While in an earlier blogpost I had argued that the government must – and indeed is the only entity that can – pump money into the economies to stimulate demand, I must say I am apalled at the way it is being done. Cash handouts at the retail level, incentives to buy houses and cars, subsidised interest rates…how is any of this sustainable. Or, to rephrase – is this the best use of the money (future taxes) to stimulate demand?

Given the mess we are in, governments and central banks will certainly have to dance the fiscal and monetary dance. There will be a series of  expensive stimulus packages followed by severe cutbacks and taxes. It is up to each sovereign government to decide the beat and the rhythm of this dance. This much is certain. What is interesting is what comes next in the decision tree.

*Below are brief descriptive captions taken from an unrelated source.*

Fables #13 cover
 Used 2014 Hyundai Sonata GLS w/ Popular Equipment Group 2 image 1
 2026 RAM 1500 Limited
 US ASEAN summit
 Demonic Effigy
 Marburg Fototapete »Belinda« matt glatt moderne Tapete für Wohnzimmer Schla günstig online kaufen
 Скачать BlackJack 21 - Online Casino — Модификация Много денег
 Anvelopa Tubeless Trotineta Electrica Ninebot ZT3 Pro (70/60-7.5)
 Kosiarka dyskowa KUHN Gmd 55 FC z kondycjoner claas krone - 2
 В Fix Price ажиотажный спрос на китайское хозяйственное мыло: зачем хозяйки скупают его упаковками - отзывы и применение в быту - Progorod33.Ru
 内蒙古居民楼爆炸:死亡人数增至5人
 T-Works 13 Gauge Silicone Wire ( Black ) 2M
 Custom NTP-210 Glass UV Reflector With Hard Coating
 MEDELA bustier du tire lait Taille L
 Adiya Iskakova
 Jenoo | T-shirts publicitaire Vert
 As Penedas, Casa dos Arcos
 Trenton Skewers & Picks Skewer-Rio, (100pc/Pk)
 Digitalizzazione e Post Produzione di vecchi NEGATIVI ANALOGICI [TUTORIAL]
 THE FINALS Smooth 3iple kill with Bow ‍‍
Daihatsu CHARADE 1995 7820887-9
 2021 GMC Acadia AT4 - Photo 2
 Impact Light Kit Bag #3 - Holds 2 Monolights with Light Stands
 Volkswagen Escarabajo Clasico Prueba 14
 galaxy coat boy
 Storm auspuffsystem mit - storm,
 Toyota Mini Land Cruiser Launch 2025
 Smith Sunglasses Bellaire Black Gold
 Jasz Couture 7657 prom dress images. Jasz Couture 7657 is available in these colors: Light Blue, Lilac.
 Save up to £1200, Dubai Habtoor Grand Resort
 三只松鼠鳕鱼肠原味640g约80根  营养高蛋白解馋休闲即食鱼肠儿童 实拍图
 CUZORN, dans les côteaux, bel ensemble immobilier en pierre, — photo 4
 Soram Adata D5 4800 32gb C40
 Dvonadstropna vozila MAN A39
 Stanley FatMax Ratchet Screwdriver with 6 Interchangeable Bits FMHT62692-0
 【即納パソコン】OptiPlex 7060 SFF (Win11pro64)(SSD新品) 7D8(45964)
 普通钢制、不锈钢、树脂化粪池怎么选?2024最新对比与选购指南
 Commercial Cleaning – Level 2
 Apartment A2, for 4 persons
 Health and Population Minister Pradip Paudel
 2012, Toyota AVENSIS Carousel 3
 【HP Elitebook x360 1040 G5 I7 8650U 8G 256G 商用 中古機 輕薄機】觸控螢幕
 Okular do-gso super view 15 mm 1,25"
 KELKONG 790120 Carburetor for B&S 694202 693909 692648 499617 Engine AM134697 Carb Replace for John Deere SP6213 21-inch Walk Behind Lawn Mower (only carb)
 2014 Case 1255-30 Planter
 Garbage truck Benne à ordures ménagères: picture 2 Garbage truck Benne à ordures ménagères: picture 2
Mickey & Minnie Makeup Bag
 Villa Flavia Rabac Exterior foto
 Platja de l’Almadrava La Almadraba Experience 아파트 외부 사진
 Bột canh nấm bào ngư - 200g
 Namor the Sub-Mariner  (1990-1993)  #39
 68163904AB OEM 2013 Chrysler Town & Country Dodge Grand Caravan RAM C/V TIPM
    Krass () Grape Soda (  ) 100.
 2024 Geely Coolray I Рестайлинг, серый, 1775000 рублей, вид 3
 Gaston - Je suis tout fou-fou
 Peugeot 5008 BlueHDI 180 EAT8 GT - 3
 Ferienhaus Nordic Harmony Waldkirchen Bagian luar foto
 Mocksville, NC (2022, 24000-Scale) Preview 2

The key question today really is – what should the money be spent on? Should governments use the money to close their borders (almost) and seek to stimulate local demand and local production? However populist this measure may be, it should be obvious to all that this is a very expensive way of doing things. To coin a soundbyte: a global problem cannot have a local solution.

Or should they, as I think they should, invest in the long term needs of the country. Investment in infrastructure, education, skills, productivity, innovation, research – all of these, among others will be the determinants of future success. Spending on these will also release funds into the economy. With good PR and public education campaigns (again, income for some), these investments can serve the dual purpose of riding out the storm and preparing for the good times ahead, while holding the rudder steady.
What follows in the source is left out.